The future of the Afrikaner was assured because he was starting to integrate with a larger, inclusive Afrikaans-speaking community in which race was playing a lesser role or none.
Former ambassador Dr Franklin Sonn said at the annual opening of the Free State University in Bloemfontein on Friday: ”An important historical institution of the Afrikaner (the Free State University) had conclusively decided that existence within justness was its choice for the road of the future,” Sonn said, quoting the Afrikaans poet NP van Wyk Louw.
”The larger Afrikaans community is on its way to a just existence, to participating in the building of a nation that includes all the elements of a good democracy. The Afrikaans community wants to be part of a greater, non-racial nation,” Sonn
said.
He was inaugurated as the university’s sixth chancellor, taking over from Free State premier Winkie Direko.

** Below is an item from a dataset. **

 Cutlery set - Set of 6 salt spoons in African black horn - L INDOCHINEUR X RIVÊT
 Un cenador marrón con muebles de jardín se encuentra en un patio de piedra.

Former president Nelson Mandela, a friend, was the first to congratulate Sonn on his new chancellorship. Mandela, who earlier received an honorary doctorate from the university, had to leave early to attend another function on Robben Island.
Sonn said the fact that Mandela had taken time from his busy schedule to attend the university opening was proof that the traditionally white, Afrikaner-dominated institution had now exchanged exclusivity for inclusivity.
”One of the greatest figures of the century embraced you for that,” Sonn said.
He told the audience that ”many of us understood the Afrikaner’s fears of being swallowed up, although we were not happy about it”.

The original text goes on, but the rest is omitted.